The main references have so far been the following:

References

References for the dowhy package:

• Documentation: here
• GitHub: here

Material which helped my introductory reading so far by :

• degeneratestate.org: Pt I - potential outcomes (contains definitions of ATE, ATT and ATC, among other things)
• degeneratestate.org: Pt II - causal graphs & the backdoor criterion
• this youtube video on backdoor paths
• Rubin et al. 2005 on causal inference and potential outcomes
• wiki article on the average treatment effect (ATE)
• this wiki article on propensity score matching

Brief list of concepts I found useful:

• at the center of interest is the calculation of potential outcomes / counterfactuals $\rightarrow$ what Y would have been if X would have been different (so everything after all observations are done) $\rightarrow$ so we may want to know if a certain drug was taken or a placebo and measure the difference in effect
• potential outcomes and counterfactuals can be seen as being the same thing, see Rubin et al. 2005 (really more of a useful thing know when reading the literature - man was I confused before knowing this)
• potential outcomes can be calculated without using a graphical model but graphical models help by guiding which variables should be conditioned on legally
• graphical models themselves require justification

Technical note: In order to run this notebook, you'll need a symbolic link from /notebooks/bcg to ./bcg.

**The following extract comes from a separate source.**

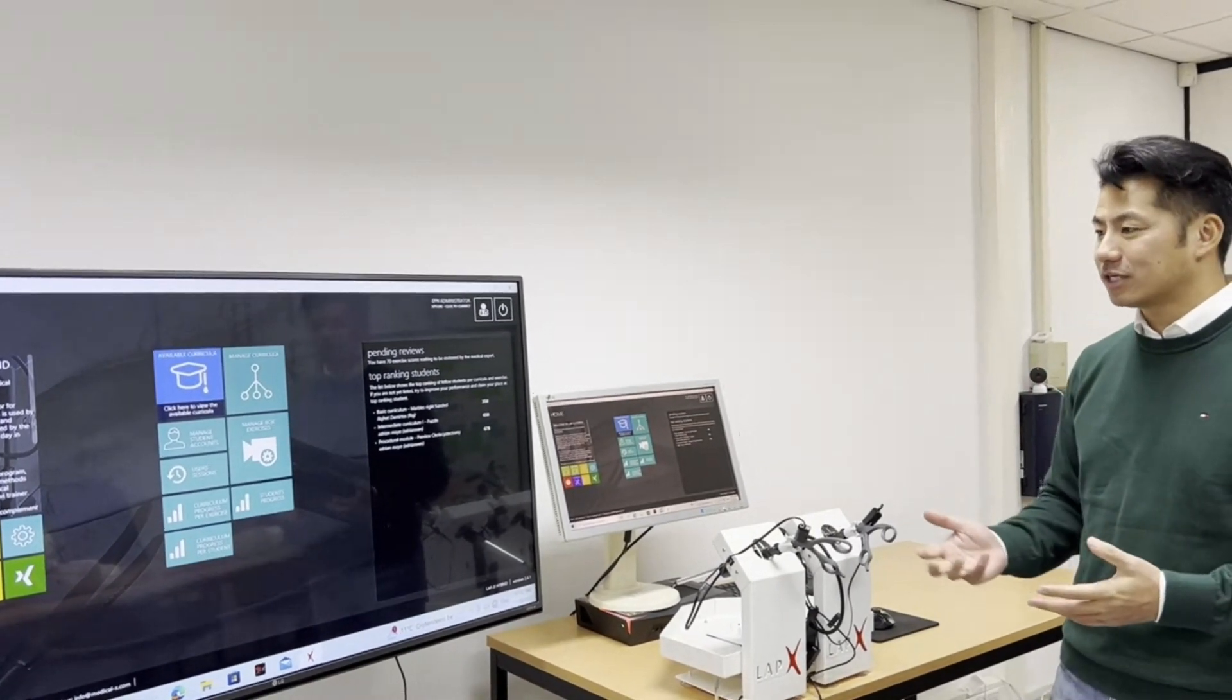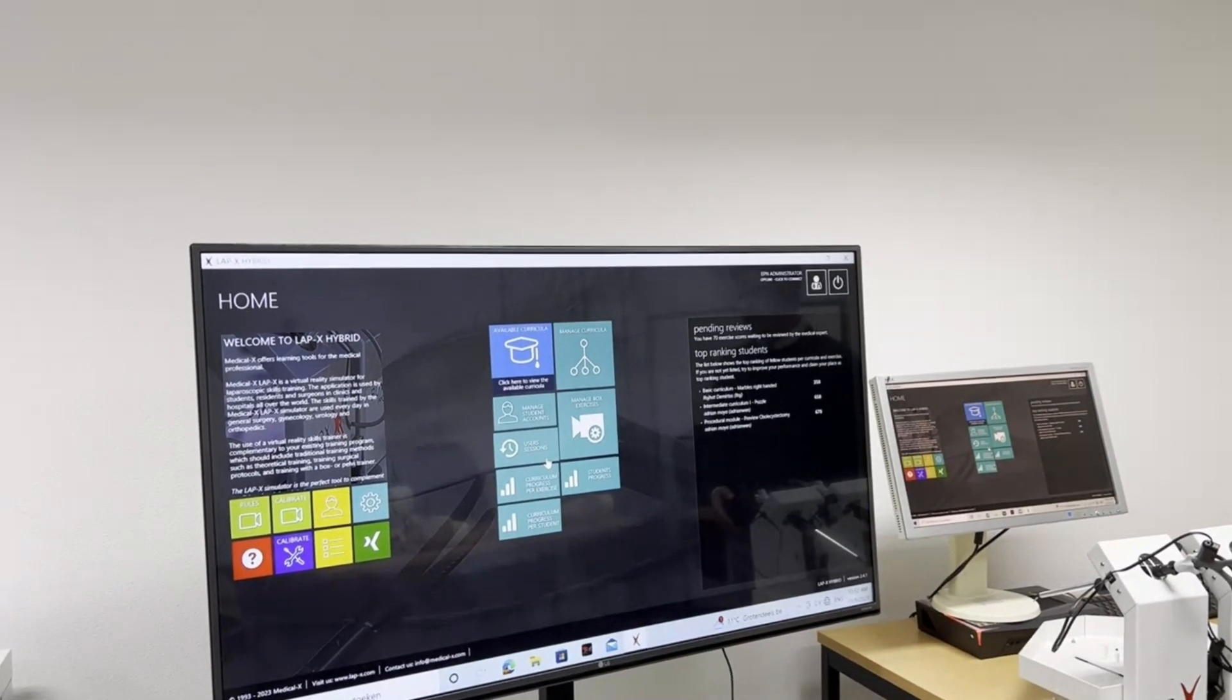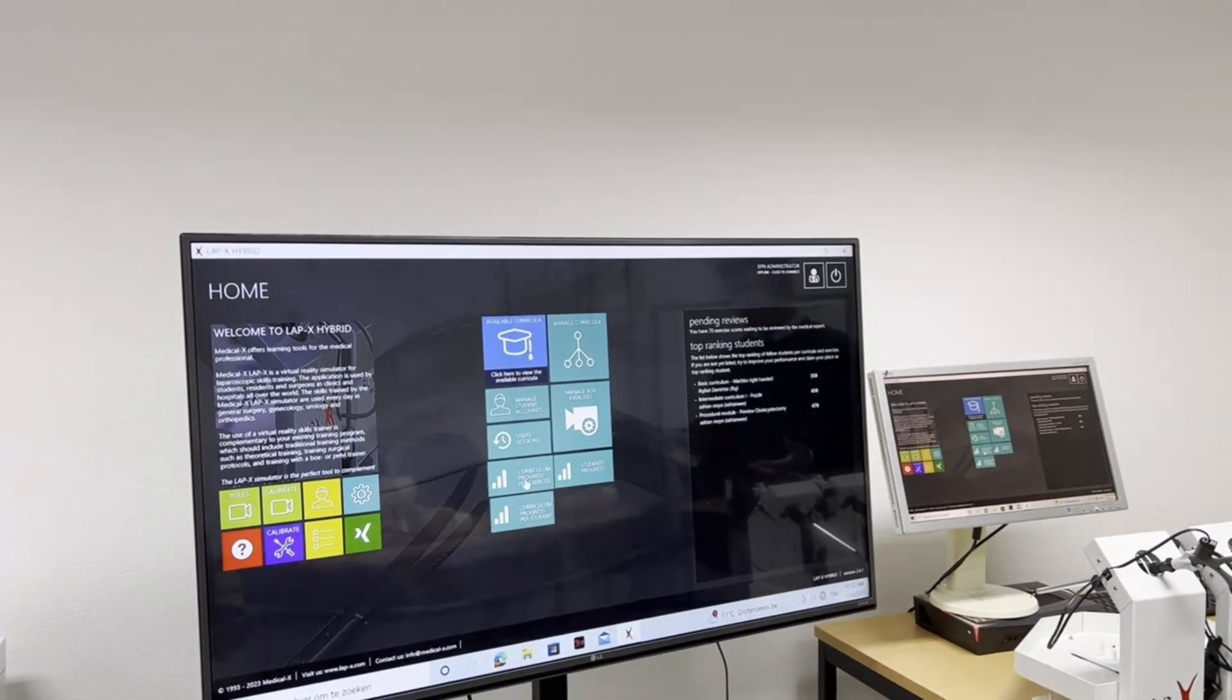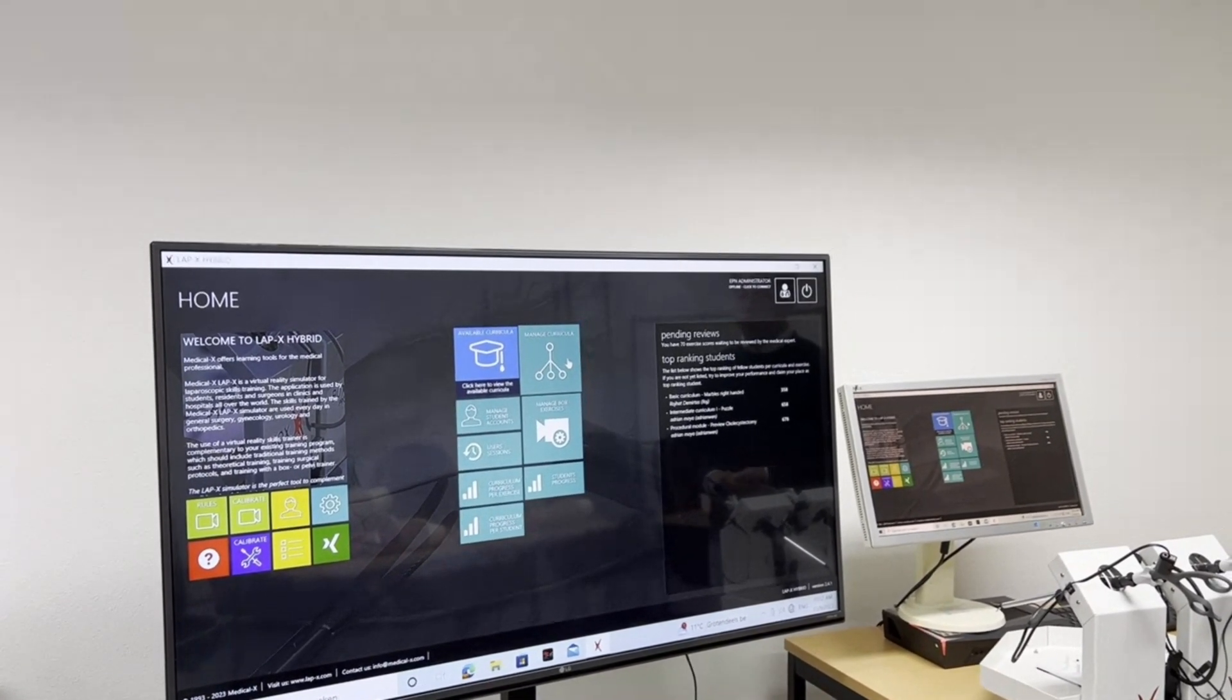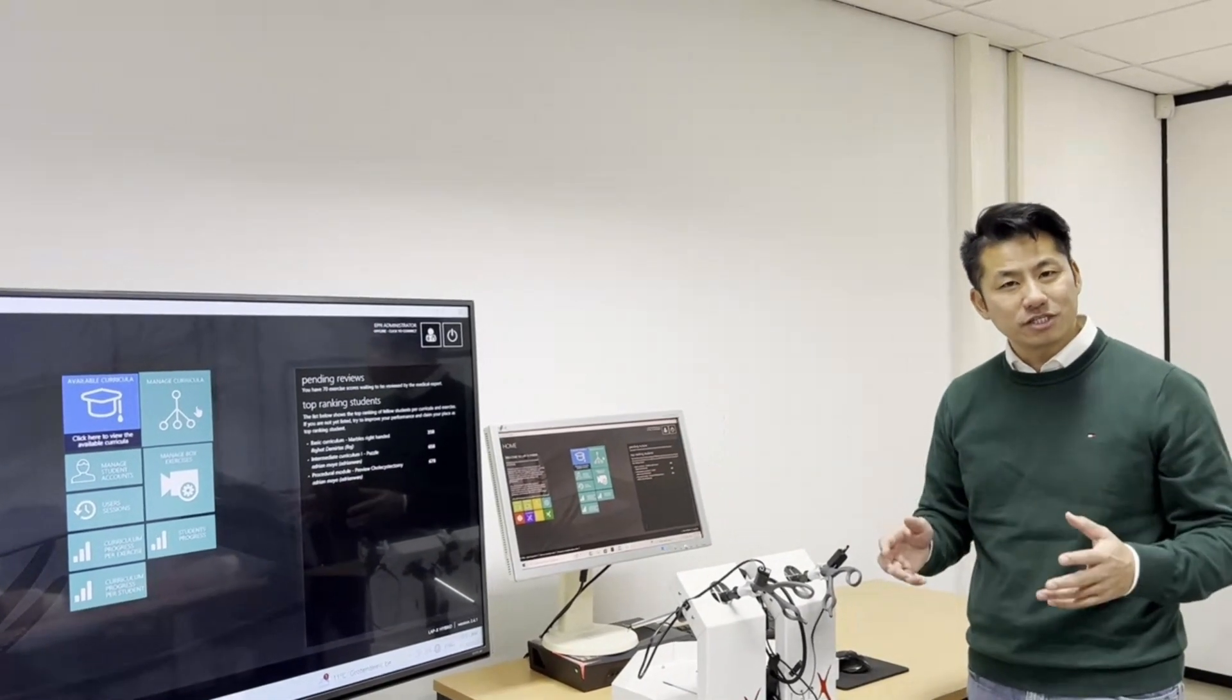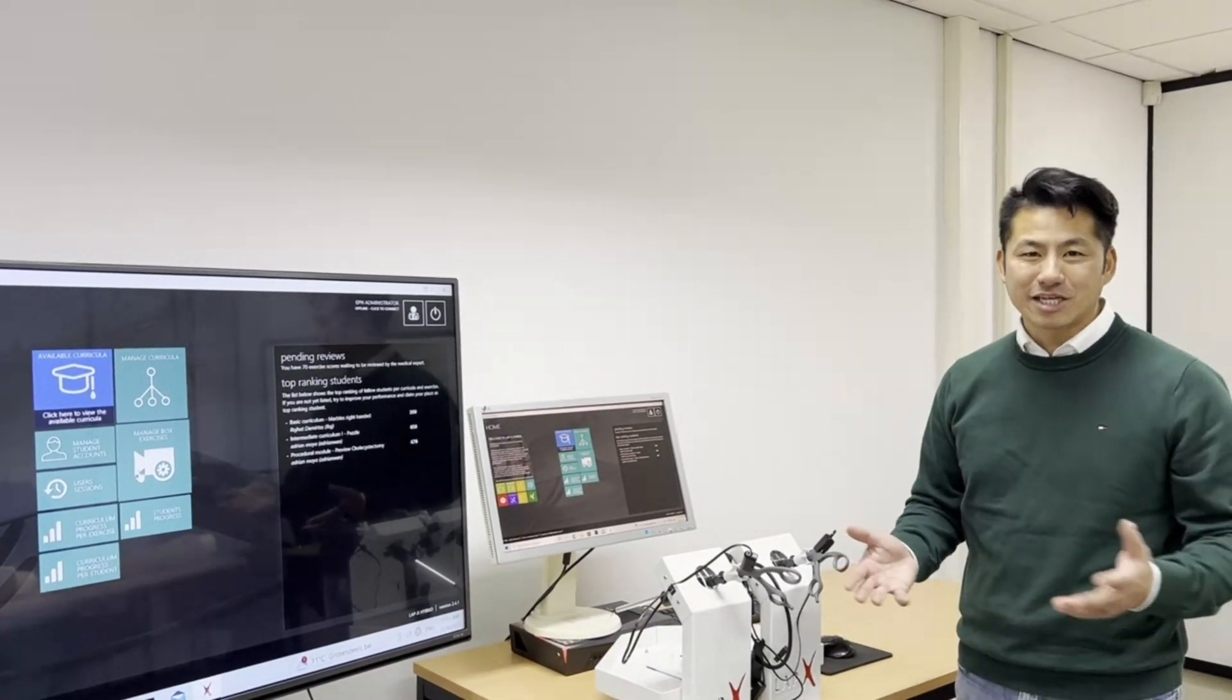As an instructor you have some extra functionalities as well. You can see here a managed student account. Here you can create student accounts. And then we have user sessions where you can see how long the students have trained and how often they have trained. And then here we have some extra progress features where you can see the progress of each student per exercise or see the progress of each student. And you can see the individual student progresses. In managed curricula is where you can create your own curriculum. Like I said before we have 30 plus virtual reality exercises. Box training exercise you can create as many as you want. And with managed curricula you can create your own customized curriculum. So for example maybe you have a curriculum for the first year students. You can make that for yourself. And then finally we have the managed box exercise. And here you can create your own box exercises.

Small example using $ Y = a \cdot X_0 ^ b + c + X_1 $ to generate observations

n = 1000
a,b,c = 1.5, 1., 0
target = 'Y'
obs = pd.DataFrame(columns=['X0', 'X1', target])
obs['X0'] = stats.uniform.rvs(loc=-1, scale=2, size=n)
# obs['X1'] = stats.norm.rvs(loc=0, scale=.1, size=n)
obs['X1'] = stats.uniform.rvs(loc=-.5, scale=1, size=n)
obs[target] = a * obs.X0 ** b + c + obs.X1

obs.head()

	X0	X1	Y
0	-0.806061	0.370908	-0.838184
1	0.667759	0.228029	1.229667
2	0.158370	0.352362	0.589917
3	0.103955	-0.018955	0.136977
4	-0.755793	-0.387319	-1.521008

Inspecting the observed data

plot_target_vs_rest(obs)

plot_var_hists(obs)

show_correlations(obs)

Generating the probably simplest possible causal graphical model

gg = GraphGenerator(obs)
print(f'target var: {gg.target}, not target vars: {", ".join(gg.not_targets)}')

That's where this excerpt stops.